ISS and Glass Lewis maintain that proxy advisory firms don’t drive voting decisions. Investors should have their own procedures and policies and follow them, which should be sufficient on their own. ISS and Glass Lewis also stated that they merely help investment advisers to execute votes in accordance with their instructions. Glass Lewis added that 80% of their voting instructions were customized.
Investment advisors were quick to point out that proxy advisory firms perform a host of other functions for them including independent research, workflow management and data aggregation. In addition, proxy advisory firms help investment advisers to fulfill their fiduciary duties and execute some of the mechanics.
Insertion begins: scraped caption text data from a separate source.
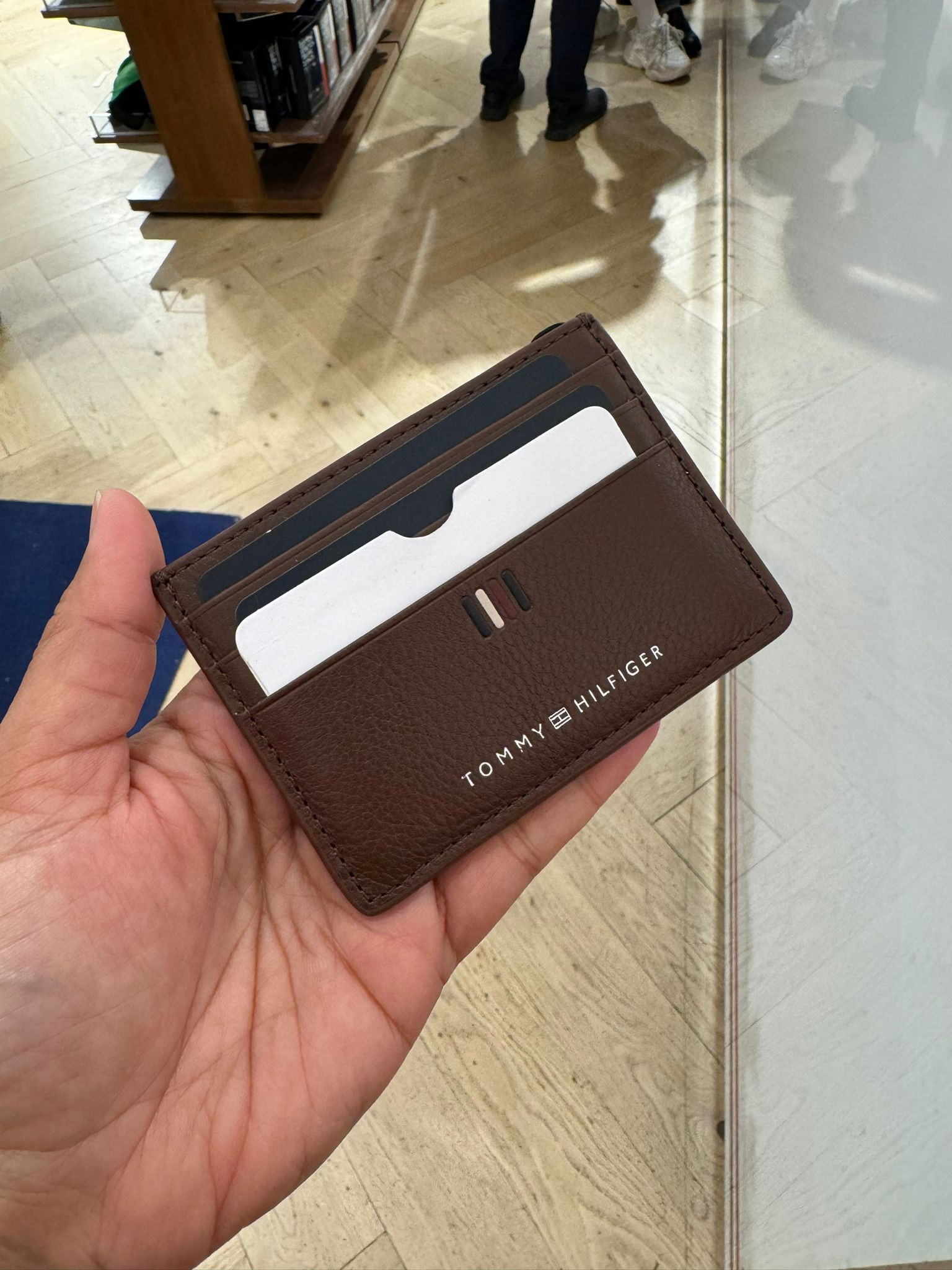 Tommy Hilfiger Card Holder - Dark Brown - E0 / Modern CC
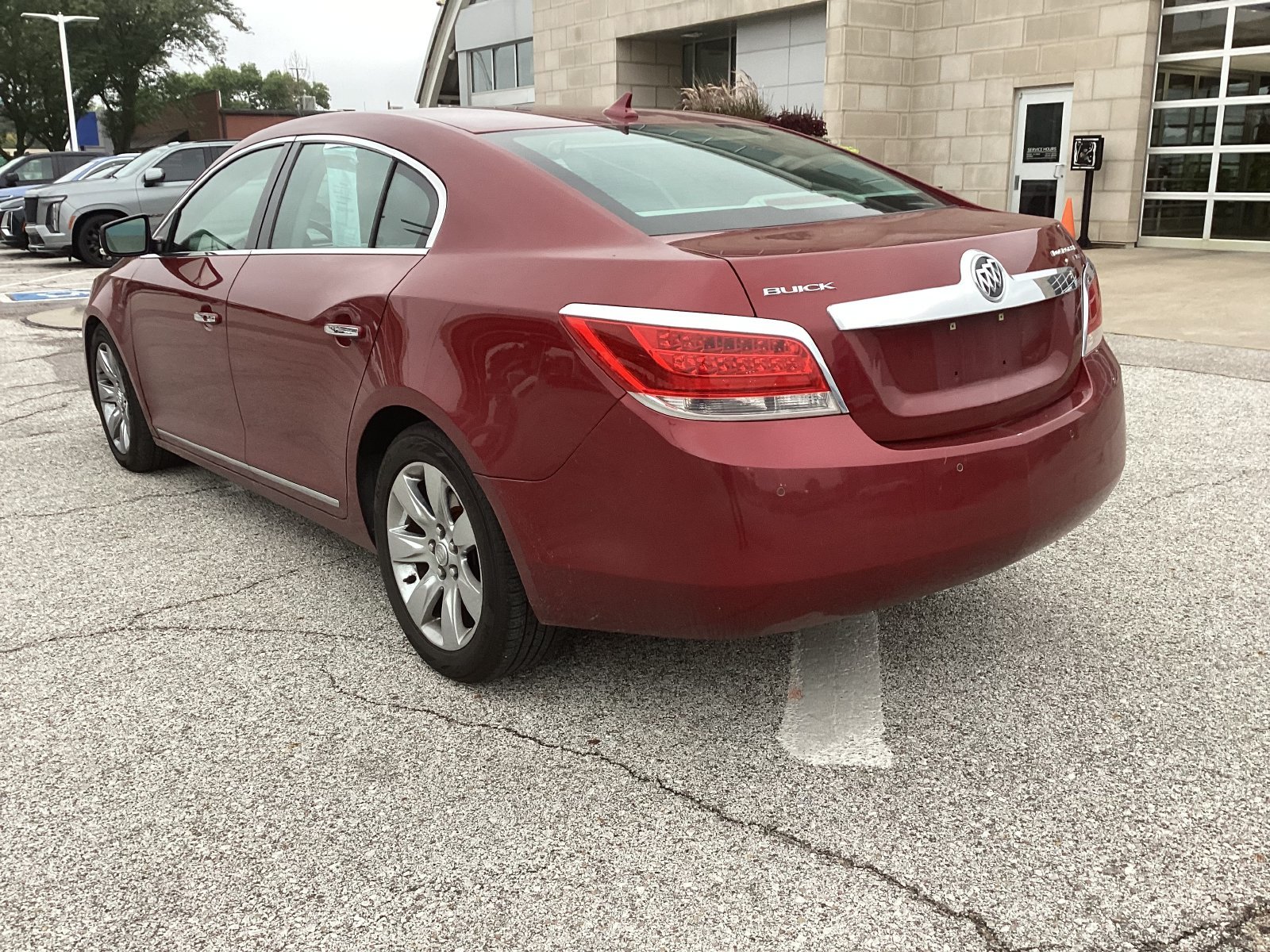 Used 2010 Red Buick CXL image 3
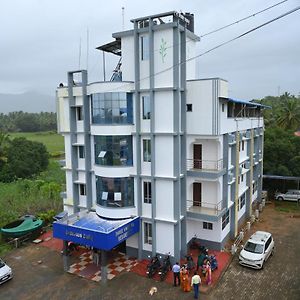 Shree Vinayaka Residency Villa Māvalli Exterior photo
Investment advisers prefer to outsource research matters, so that their in-house teams have more time to invest in investment analysis.
Additional Views on Proxy Advisor Regulation
The U.S. Chamber of Commerce, the National Association of Manufacturers, NASDAQ and NYSE have invested their own funds in taking a proactive stance toward regulating advisory firms. Over 300 companies signed onto a NASDAQ letter asking the SEC to take stronger action to regulate advisory firms.
Companies would like to have more leeway in their ability to address proxy advisory firms’ recommendations before they have to send them off to shareholders. More time would give them the ability to address errors in the recommendations.
The role of proxy advisory firms is complex and multifaceted, with no shortage of opinions on all sides. Many financial experts question whether we need proxy advisory firms in this day and age at all. Investment advisers are the ones who are paying the proxy advisors so they believe they should be the ones to decide whether any sort of regulation is necessary. Changes later this year may indicate what the next direction is for the role of proxy advisors.